À la maison. Le quai dans le dos, je m'éloigne du tohu-bohu quasi éternel de ce lieu. Le cri des mouettes, les marins qui chantent tandis que d'autres gueules, les passants et touristes qui rigolent et se plaignent des odeurs de poissons. Tout un beau monde qui se salut et s'ignorent. Tout un beau monde qui vaque à leurs occupations ou flânent en cette heure avancée de l'après midi.
Le soleil, déjà bas, laisse entrevoir ses premiers rayons orangés.
Moi ? En direction de la maison des vieux, je souris à ce vacarme, j'ignore le beau monde et réfléchis à la suite des événements. L'astre du jour salut mon retour en réchauffant mon dos tandis que je m'éloigne comme une vague au bord de la plage.
Je toque. Entre sans attendre. L'odeur d'une potée me prend les narines et le cri de joie de ma mère les oreilles. Nettoyant ses mains sur un tablier aussi vieux que le monde, elle se rapproche de moi et m'embrasse douloureusement les joues.
- Jane : Et bah mon p'tit ? Déjà d'retour ?
- Et oui, vous me manquiez trop.
- Serge : Arrêt' ton bar et dis plutôt quel mauvais vent t'ramène... Dis mon père du fond de la pièce, confortablement installé dans son fauteuil usé.
- Un truc qu'est plus de ton âge qui s'appelle les affaires... Tout en me rapprochant. Bonjour 'Pa.
- Serge : J't'en foutrais du plus d'mon âge . Salut fils. T'as fait bon voyage ? Me répond-il en me faisant la bise.
- Jane : Bon ! Willy, t'viens m'aider. On discut'ra tout ça à table...
Une fois à la table, potée et poisson, y'a des choses qui ne changent pas, dans l'assiette, le sujet est presque subtilement amené par la curiosité de ma mère.
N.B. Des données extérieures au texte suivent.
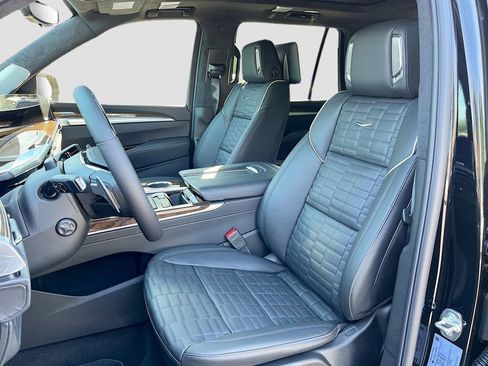 New 2026 Cadillac Escalade Platinum Sport w/ LPO, ONYX Package AWD/4WD image 15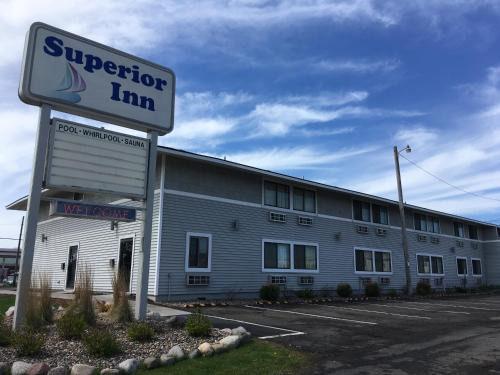 Superior Hotel | Superior Inn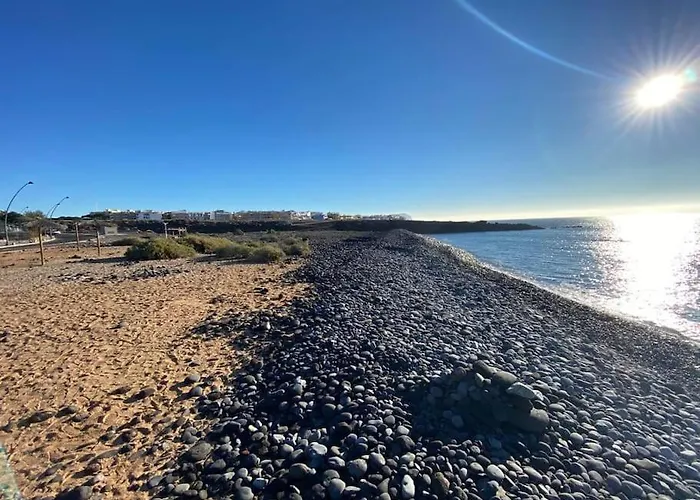 Amazing Luxury Seafront Near Golf & Ocean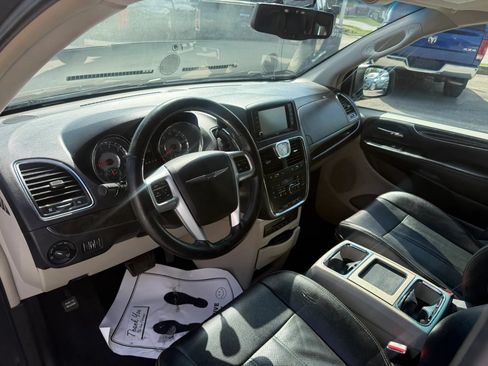 Used 2013 Chrysler Town & Country Touring-L w/ Trailer Tow Group FWD image 16
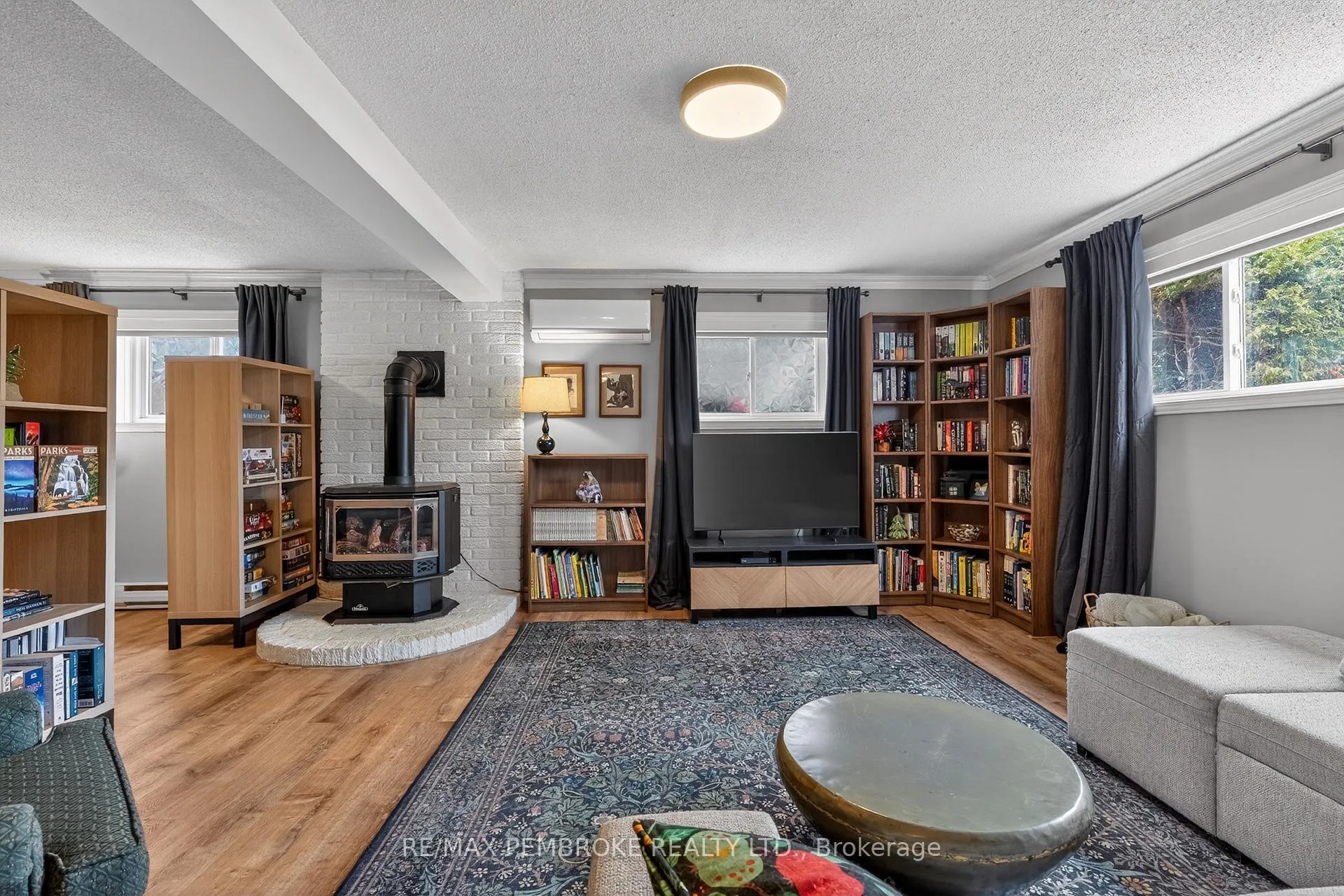 Photo 32 of 13 Point Crescent, Petawawa — HOMEH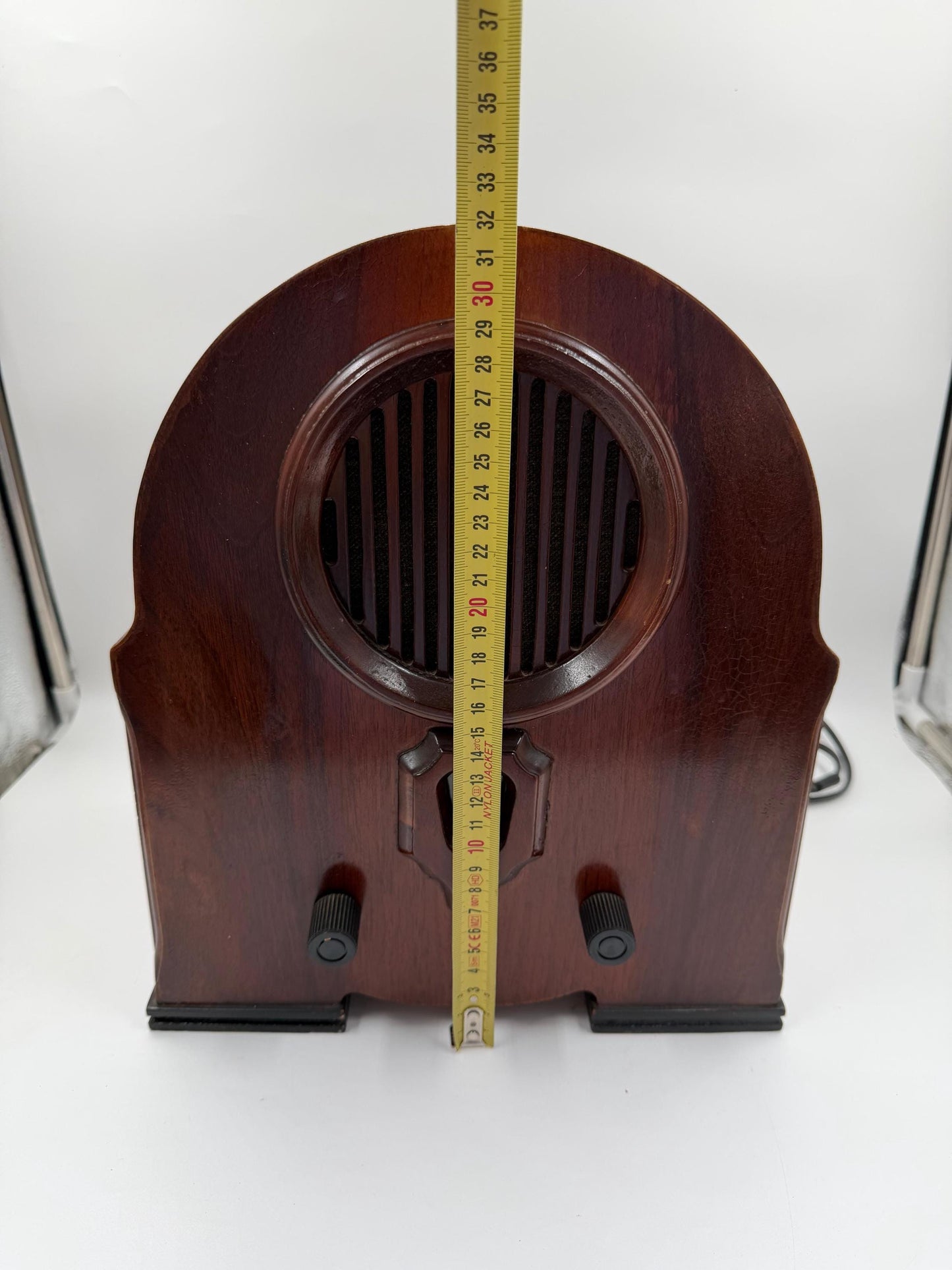 Vintage Röhrenradio Originalzustand voll funktionstüchtig Echtholz-Gehäuse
Alors je leur raconte mon départ, la traversée, mon arrivée sur l'île aux esclaves et la chaleur qui y règne. Je leur décris le quai, les gens, l'ambiance locale et certaines coutumes. Réaction outrée de ma mère en parlant des esclaves, haussement d'épaules et nouvelle bouchée pour le vieux...
Y'a vraiment des choses qui ne changent pas.
Les assiettes débarrassées et un léger digestif devant nous, je sens le regard inquisiteur du paternel. Il s'en cogne royalement des esclaves, de Souther et de mes rencontres. Il veut savoir pourquoi je reviens. Une poissonnerie. Il râle. Ma mère me demande des explications. J'explique. Il râle encore. Il n'y a que ça ici, c'est toujours la même rengaine. Pour cinq boutiques il n'y en a que deux qui s'en sortent. Avec les familles c'est pas une vie, ils prennent l'argent des travailleurs et ne laissent que les miettes. Y'a pleins de sans le sous et pendant ce temps la marine qui s'tourne les pouces etc etc. Le même discours depuis des années. J'y coupe net.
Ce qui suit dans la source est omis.